Depois, tem os que estão voando com dinheiro próprio.
Cada semana, dezenas de milhões de dólares -alguns desviados da ajuda dos EUA, outros do comércio de drogas- são enfiados em malas ou caixas e embarcam nos aviões deixando o Aeroporto Internacional de Cabul para destinos como Dubai, uma fuga de capital que está aumentando gradativamente em preparação para 2014, segundo as autoridades.
Noorullah Delawari, diretor do banco central, recentemente impôs novas restrições limitando a quantidade que um passageiro pode tirar do país para US$ 20.000 por viagem.
Contudo, a montanha de dinheiro enviada ao exterior de forma oficialmente declarada -cerca de US$ 4,6 bilhões no ano passado, o mesmo tamanho do orçamento anual do governo- é comparável ao dinheiro que foge por outros aeroportos e fronteiras, ou pelo mercado negro, segundo uma autoridade afegã que falou sob condição de anonimato. “Realmente não sabemos quanto está sendo removido”, disse.
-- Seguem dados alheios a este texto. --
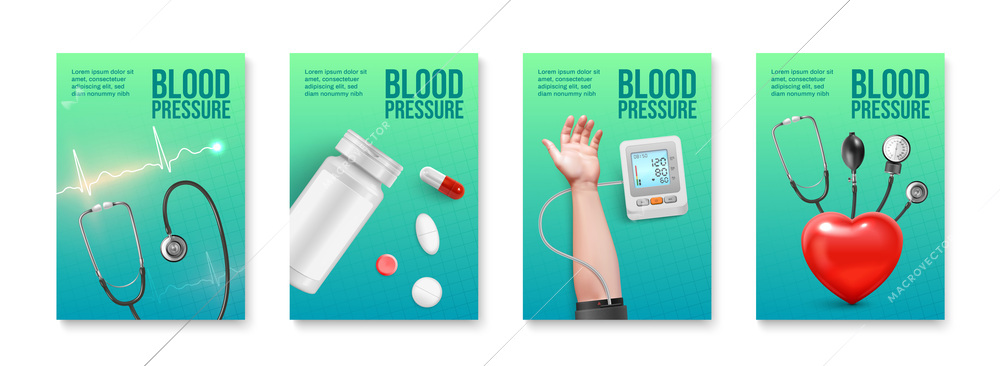 Blood pressure realistic poster template set with pharmaceuticals and tonometer isolated vector illustration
Mesmo no aeroporto de Cabul, há furos na capacidade das autoridades de fiscalizar o dinheiro vivo que sai do país. As autoridades ainda estão lutando para garantir que as pessoas que passam pela área VIP do aeroporto passem suas malas pelas máquinas de raio-X instaladas há poucos anos, em parte para impedir que as pessoas levassem dinheiro, disse a autoridade.
Para Manani, o açougueiro, os outros como ele que não têm enormes quantias de capital como segurança, a esperança que possam ficar e expandir seus negócios está sendo prejudicada pela necessidade de garantir a segurança de suas famílias.
Seu plano se baseia em um esforço de iniciar um segundo negócio em Nova Déli, com seu sócio local sikh. Isso permitiria que ele obtivesse um visto de longo prazo e uma saída para sua mulher e cinco filhos, assim como seus pais, irmãos e uma irmã e seus filhos, todos dependentes dele, que teriam que se mudar com ele.
“Todo empresário só pensa em como sair daqui, em como estar seguro”, disse Manani diante de uma grande geladeira com partes de boi e carneiro penduradas. Em outra sala, quatro trabalhadores estão ocupados cortando e empacotando.
Manani foi criado no Norte do Afeganistão e lutou na dura guerra civil dos anos 90 e diz que de forma alguma quer passar de novo pela experiência. “Não tenho a energia para pegar em armas novamente e começar a combater”, disse ele. “Por isso estou procurando uma saída”.